• RECORD SET:
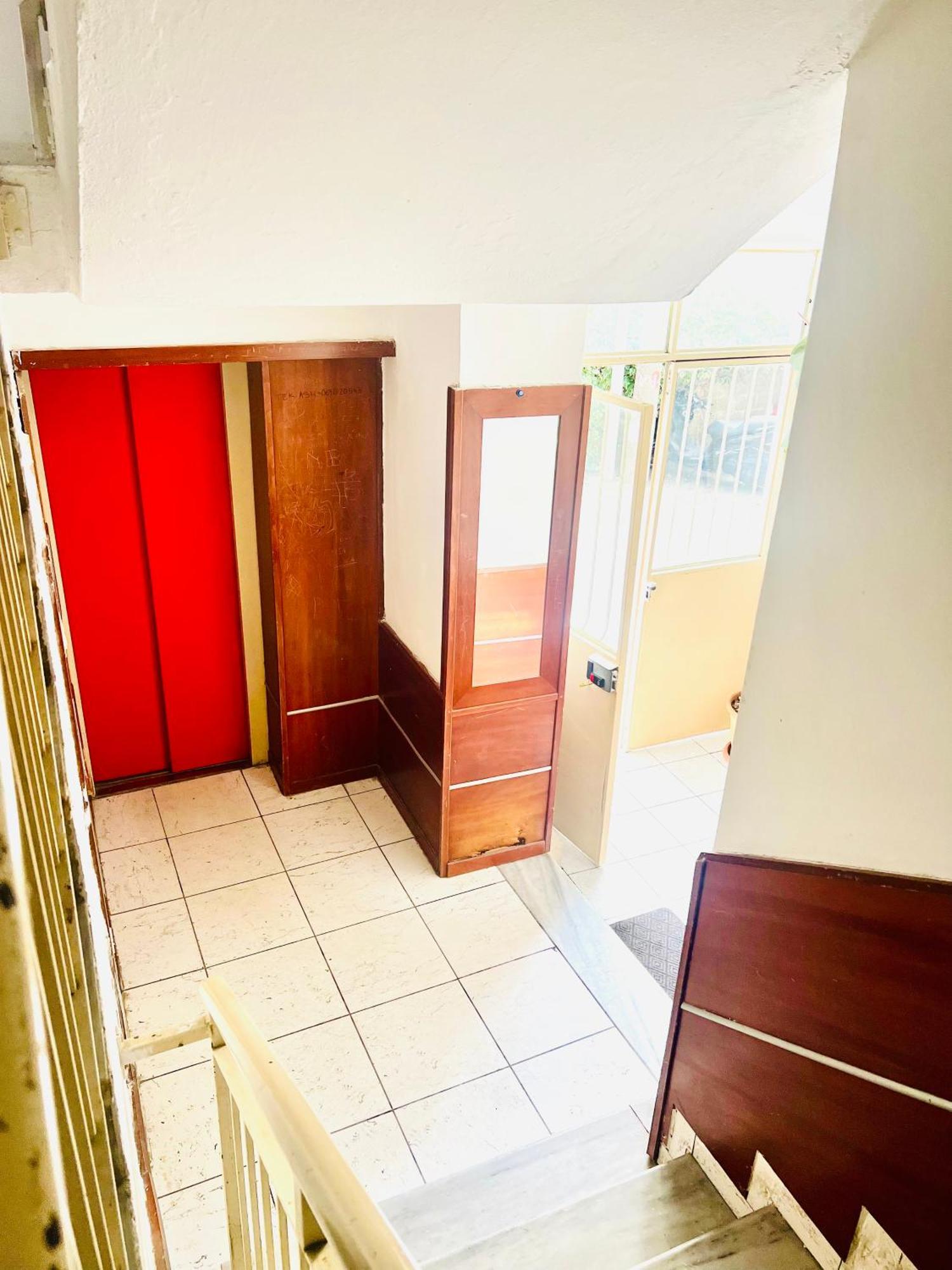 Lovely 3-Bedroom Rental Unit In Durres Bagian luar foto
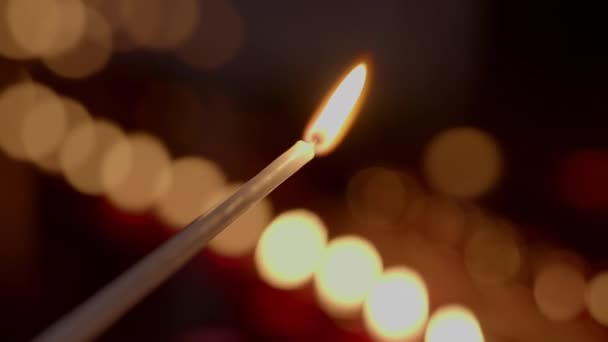 Κεριά Καύση Φλόγες Λαμπερό Φόντο — Αρχείο Βίντεο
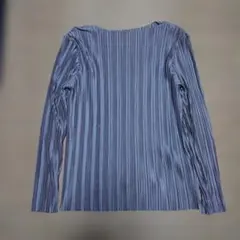 Loutat ストライププリーツシャツのサムネイル
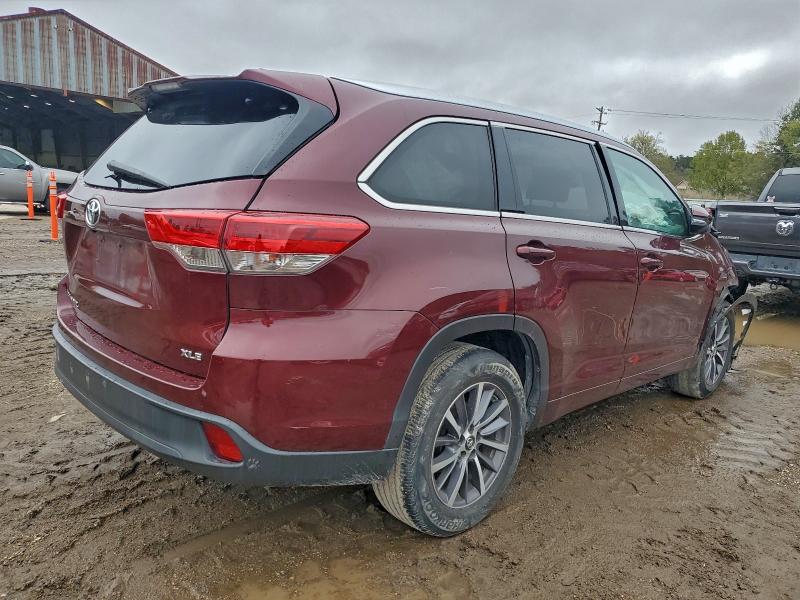 Zdjęcie 3 z aukcji – 2018 TOYOTA HIGHLANDER z VIN 5TDKZRFH3JS248838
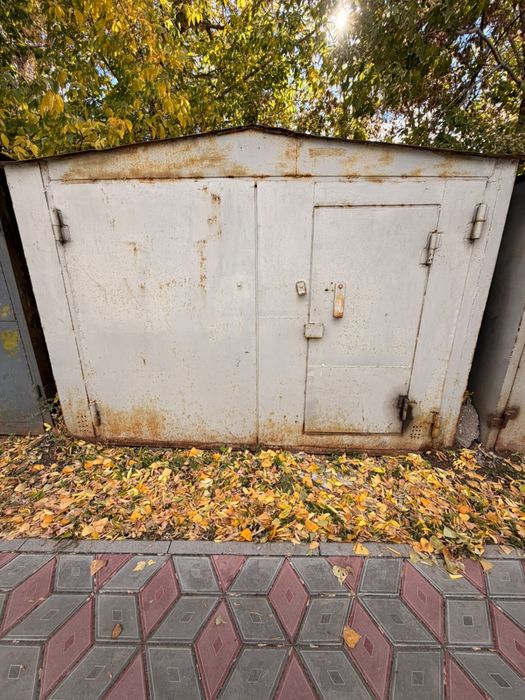 Гараж металлический возле Гулливера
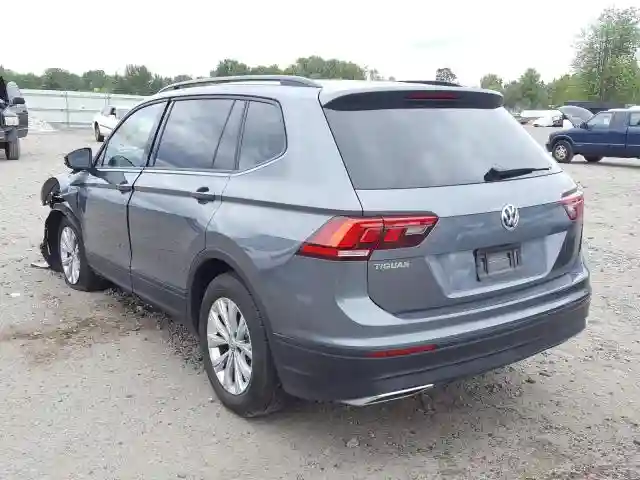 3VV0B7AX6KM046979 2019 VOLKSWAGEN TIGUAN S-2
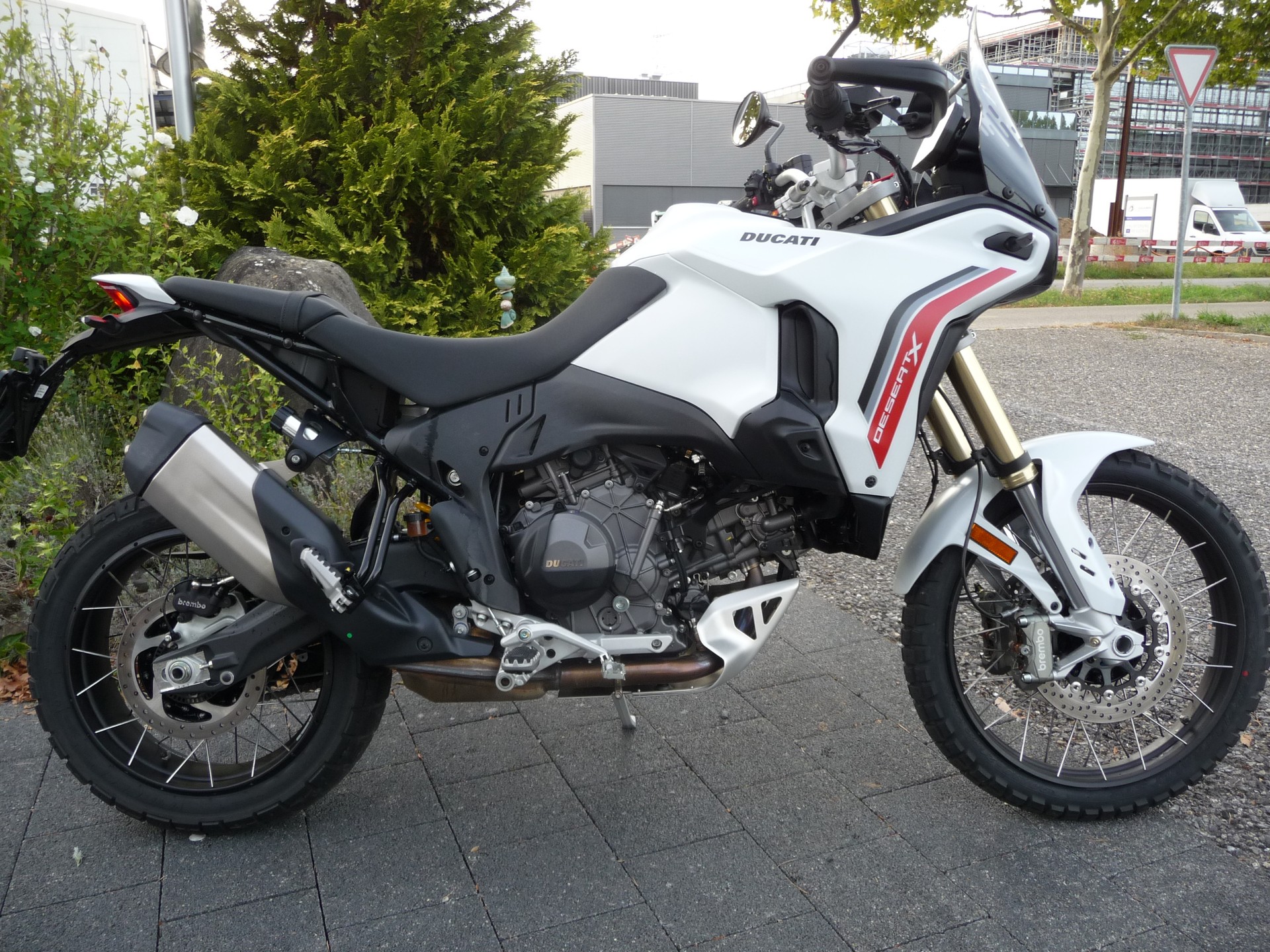 DUCATI Desert X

• EXERCISE INSTRUCTIONS: Copy exactly, with no pictures, the lines from the line containing "Гараж металлический возле Гулливера" through the last line of the records above.

• RESULT OF THE EXERCISE:
 Гараж металлический возле Гулливера
 3VV0B7AX6KM046979 2019 VOLKSWAGEN TIGUAN S-2
 DUCATI Desert X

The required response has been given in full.